All'improvviso, comprando in Borsa i titoli, i transalpini hanno annunciato l'acquisto di una quota del 9,2% della banca, con l'obiettivo di consolidare «la relazione strategica e di lungo termine» che ha il suo fulcro nella joint-venture nel credito al consumo Agos ma anche di «ampliare» la partnership con l'istituto guidato da Giuseppe Castagna ad altri ambiti, quali la gestione del risparmio e la bancassicurazione.

Una mossa che prefigura un disegno più alto e non sconosciuto agli addetti ai lavori. Cioè comprarsi, a tempo debito, l'intera proprietà. Già, ognuno fa il suo mestiere e, chi ha soldi, compra. Ma in questo caso l'attenzione da porre deve essere massima. Pur essendo all'interno di un unico spazio bancario comune, l'Europa continua a essere un luogo dove gli interessi nazionali continuano a prevalere.

Così, nonostante le buone intenzioni, se i francesi avessero iniziato una scalata paziente e silenziosa alla totalità della Bpm, si creerebbe a fusione avvenuta, la seconda più grande banca del Nord Italia. Che in termini strategici significa legare il destino delle nostre aziende, spesso competitor di quelle d'Oltralpe, a un gruppo che mantiene la testa a Parigi. E che avrebbe un grosso vantaggio competitivo: finanziare la raccolta di fondi sul mercato finanziario francese, dove i costi sono più bassi, e rivendere lo stesso denaro in Italia a prezzi più convenienti, spiazzando la concorrenza italiana. Fin qui il mercato. Non va dimenticato invece l'aspetto politico dell'operazione.

La Francia rileverebbe un asset strategico italiano diventando gestore di una fetta rilevante di Btp e, più generalmente di risparmio italiano, detenuto dalle famiglie della parte più ricca del Paese. Basta tornare al 2011, e alla vendita improvvisa da parte delle banche tedesche dei titoli italiani con contestuale crisi dello spread, per comprendere il pericolo che correrebbe l'Italia. Non sono idee complottistiche.

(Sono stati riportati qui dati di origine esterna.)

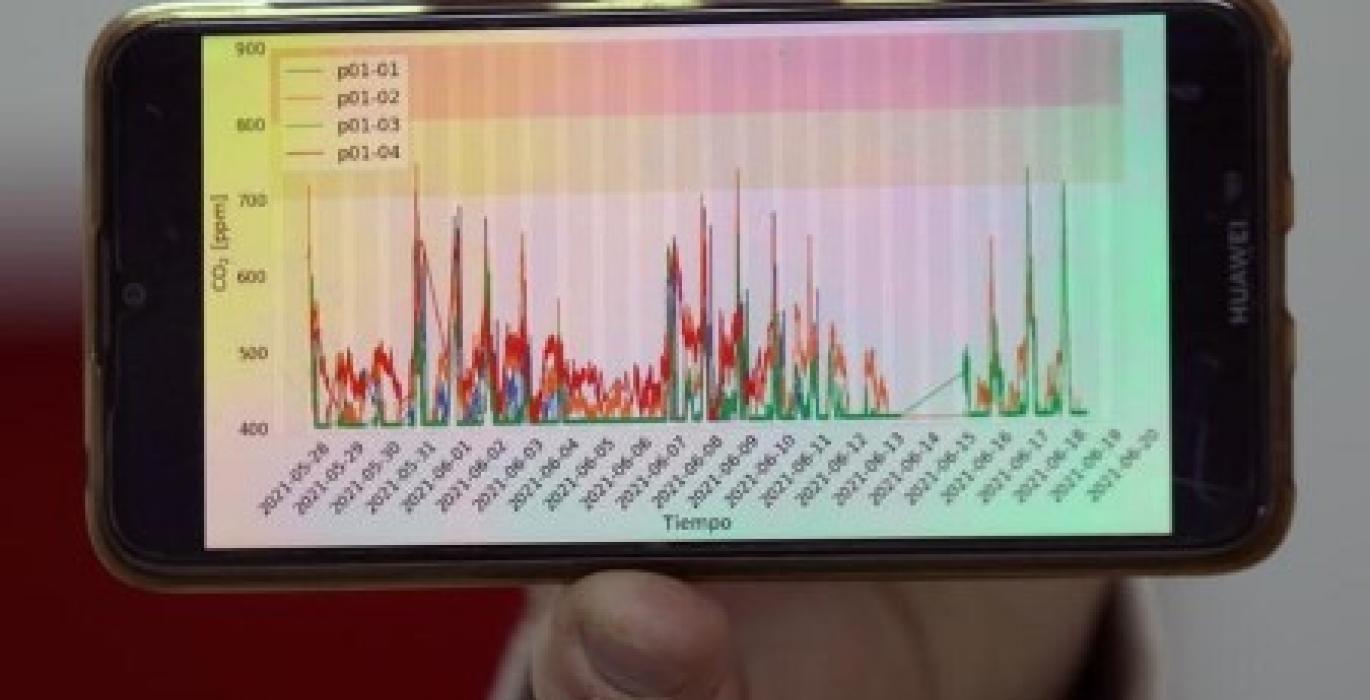 A man shows a graphic delivered from a prototype device which measures the coronavirus disease (COVID-19) contagion risk levels by monitoring CO2 emissions in real time inside enclosed spaces, in Santiago, Chile June 22, 2021.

Lo stesso Copasir, il Comitato parlamentare per la sicurezza, le ha suffragate nella relazione trasmessa al Parlamento nel 2020, dove evidenziava proprio il pericolo del trasferimento della proprietà bancaria italian all'estero. Alla pagina 27 si legge: «Il trasferimento all'estero di tali istituti potrebbe generare un'asimmetria geografica tra la fase di raccolta e quella di impiego delle risorse: i depositi raccolti dalla clientela italiana potrebbero essere destinati a finanziare imprese o attività di soggetti esteri, a discapito della competitività delle imprese nazionali o dell'intero tessuto nazionale o addirittura a sostegno di attività palesemente concorrenziali con i players industriali e produttivi del Paese»

. Il faro è stato dunque già acceso. I poteri della golden power ci sono e potrebbero essere anche ampliati. L'attenzione deve essere massima perché in ballo ci sono, da una parte i soldi degli italiani, protetti dalla Costituzione, dall'altro l'attivismo della Francia che da anni acquista senza sosta quote rilevanti del nostro mercato bancario. Da poco la «Banca Verde» (così si chiama il Credit agricole) si è accaparrato il Credito Valtellinese. La Banca Popolare di Milano potrebbe essere un altro tassello di questa strategia. E che la Bpm sia un gioiellino a sconto il mercato lo sa. Il Fondo Davide Leone&Partners, azionista di peso nell'istituto, considera da tempo sottovalutato il valore della banca e ipotizza che con diversa strategia possa esprimere parte del suo potenziale nascosto. I risparmiatori attendono.